No meio campo apresentamos uma dinâmica linha de 4, basculante, que se desdobra em losango no momento ofensivo (pressing alto) e triângulo no momento defensivo.
 
6 – À direita está Elisabete Marques, jovem talento da academia, rápida, veloz, lesta, nada lenta, antes pelo contrário. Futebolista de sangue frio, é quem assume todas as bolas paradas. De fino recorte técnico, é a rainha das assistências.
 
7 – Andreia C. Faria é quem joga pela esquerda, um pouco acima do lugar onde melhor joga na selecção, no entanto, jogadora polivalente, pode também fazer o lado direito e até os flancos. Repentista e perfeita no drible em progressão, é a chamada falsa lenta. Inteligente a ocupar o espaço vazio e no jogo entre linhas, tem perfume a nossa craque.
 
8 – No miolo, a sagacidade e a visão de jogo de Manuel António Pina. É o cérebro da equipa, quem pauta todo o ritmo de jogo.
 
9 – Gonçalo M. Tavares, o menino que veio do bairro para os relvados.
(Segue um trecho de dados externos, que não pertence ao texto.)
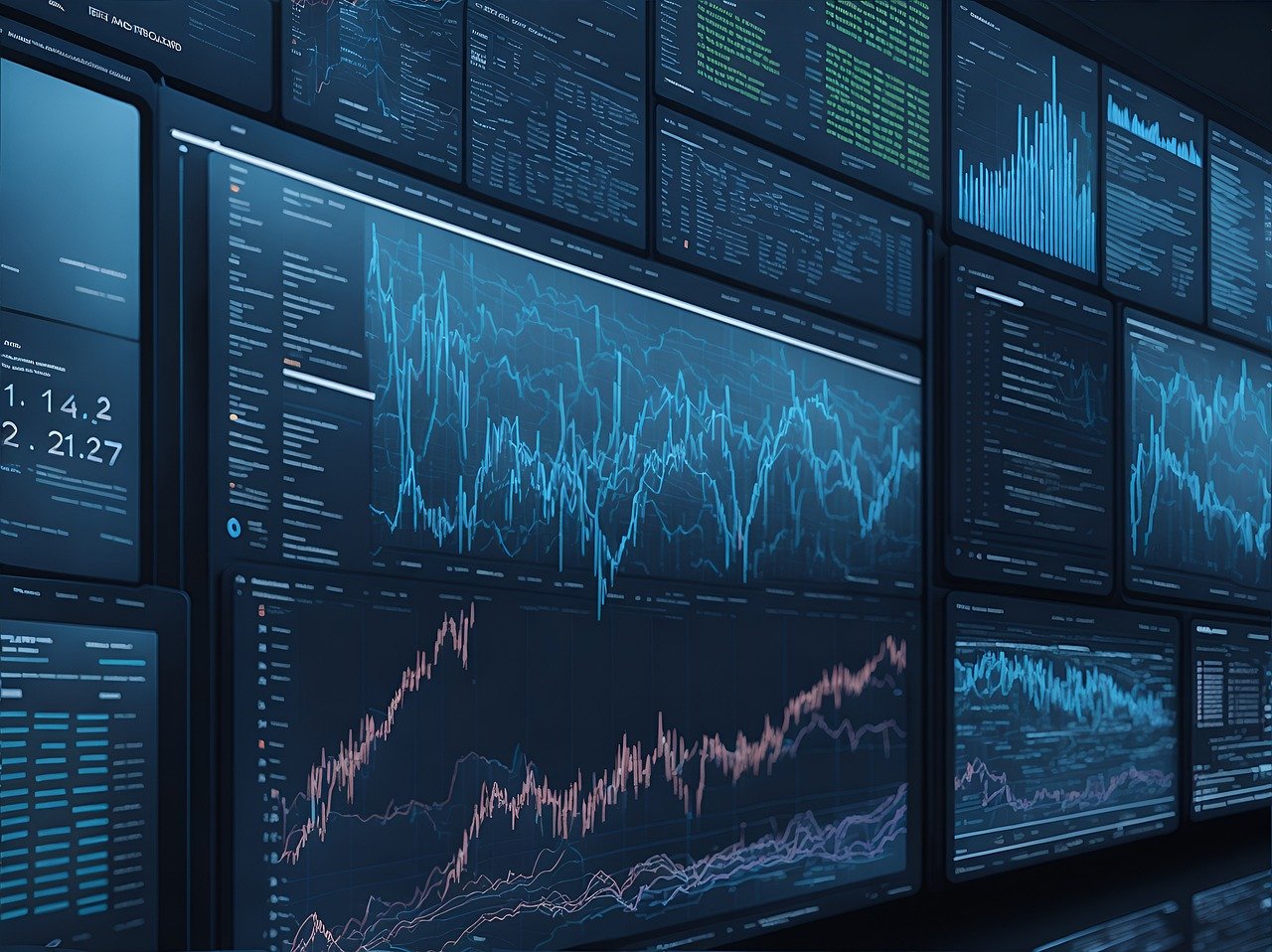 Grafana vs. Tableau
Forte nas segundas bolas e a rodar sobre si mesmo, é o génio dos passes de ruptura.
 
10 e 11 – O ataque é formado por Daniel Jonas, 1 metro e 97 de golo, nada tosco e com caracóis. Ao seu lado, forte a jogar de costas para a baliza e a provocar o desgaste dos defesas contrários, temos Rosa Alice Branco, também de caracóis. A fazer lembrar as nossas lendas (Cadete, Paulo Futre, Chalana, entre outros), esta possante dupla avançada sabe que ao futebolista não lhe basta ser, tem de parecer, e por isso , não descura nunca o visual na hora de festejar.
 
O Mister, o nosso “special one”, é Pedro Eiras. Com um trajecto vitorioso em todos os escalões de formação e um profundo conhecimento das principais academias do mundo, rapidamente se afirmou como líder da nossa selecção, revolucionando toda a metodologia do treino e do jogo. Rigoroso e disciplinador, gosta de jogar bonito. Privilegia a nota artística mas não vai em cantatas, a não ser as BWV, claro.